Create a “serverless” event-driven experience that extends the existing Azure App Service platform by building “nanoservices” that can scale based on demand
Azure Functions are “event-driven” meaning they run based on associated and configure events, or “triggers”. For example an Azure Function could be triggered by a simple timer, such as running a process once every 24-hours, or triggered by an event in a document management system, such as when a new document is uploaded to a SharePoint library. Azure Functions can also respond to Azure-specific events, such as an image added to a Storage Blob or a notification arriving in a Message Queue.
Without bindings, an Azure Function would just be a “disconnected” algorithm without any way to serve a purpose. Bindings server to connect functions and output to other services. Some of the most common binding types and features are listed in the table, however variations and adaptations can and do exist.
Durable Functions is an extension of Azure Functions and Azure WebJobs that lets you write stateful functions in a serverless environment. The extension manages state, checkpoints, and restarts for you.

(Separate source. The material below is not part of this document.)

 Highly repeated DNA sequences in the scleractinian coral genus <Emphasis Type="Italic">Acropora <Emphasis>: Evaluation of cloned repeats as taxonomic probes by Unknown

Versioning: Do nothing, Stop all in-flight instances, Side-by-side deployments
Durable Functions is an extension of Azure Functions and Azure WebJobs that lets you write stateful functions in a serverless environment. The extension manages state, checkpoints, and restarts for you.
Pattern #1: Function chaining
Function chaining refers to the pattern of executing a sequence of functions in a particular order. Often the output of one function needs to be applied to the input of another function
Pattern #2: Fan-out/fan-in
Fan-out/fan-in refers to the pattern of executing multiple functions in parallel, and then waiting for all to finish. Often some aggregation work is done on results returned from the functions.

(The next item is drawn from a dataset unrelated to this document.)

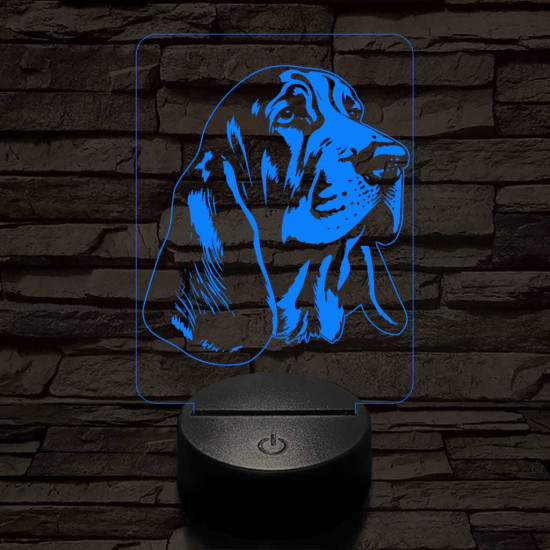 Basset hound-fej 7 színű 3D led lámpa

Pattern #3: Async HTTP APIs
The third pattern is all about the problem of coordinating the state of long-running operations with external clients. A common way to implement this pattern is by having the long-running action triggered by an HTTP call, and then redirecting the client to a status endpoint that they can poll to learn when the operation completes.
Pattern #4: Monitoring
The monitor pattern refers to a flexible recurring process in a workflow - for example, polling until certain conditions are met. A regular timer-trigger can address a simple scenario, such as a periodic cleanup job, but its interval is static and managing instance lifetimes becomes complex. Durable Functions enables flexible recurrence intervals, task lifetime management, and the ability to create multiple monitor processes from a single orchestration.

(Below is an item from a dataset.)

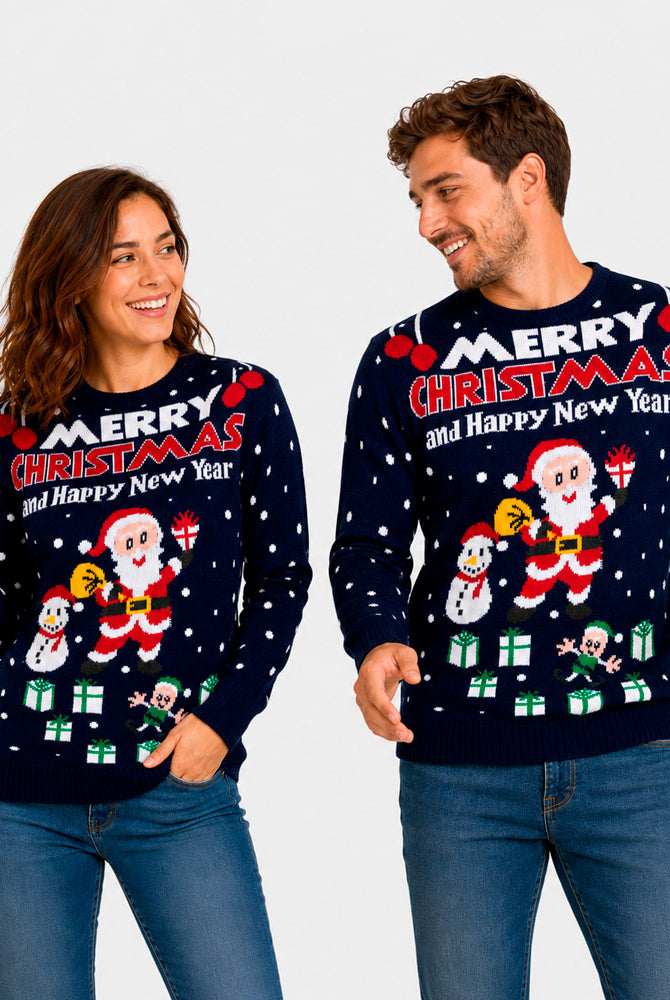 Suéter Navideño Pareja Hombre Merry Christmas and Happy New Year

Pattern #5: Human interaction
Many processes involve some kind of human interaction. The tricky thing about involving humans in an automated process is that people are not always as highly available and responsive as cloud services. Automated processes must allow for this, and they often do so by using timeouts and compensation logic.
Many Azure Functions are exposed via an actual URL that can be called directly from a web client or browser. When an Azure Function is not exposed via a URL its common practice to call the function from another dunction, such as a Timer-based Function for testing purposes only. Since Azure Functions can be nested, testing scenarios can be quite varied. For managing and testing Azure Functions that integrate with Storage Containers, Microsoft provides the Microsoft Azure Storage Explorer, as well as the Visual Studio Cloud Explorer. The Logs console in the Azure Function Designer is also a great way to view and trace function processing.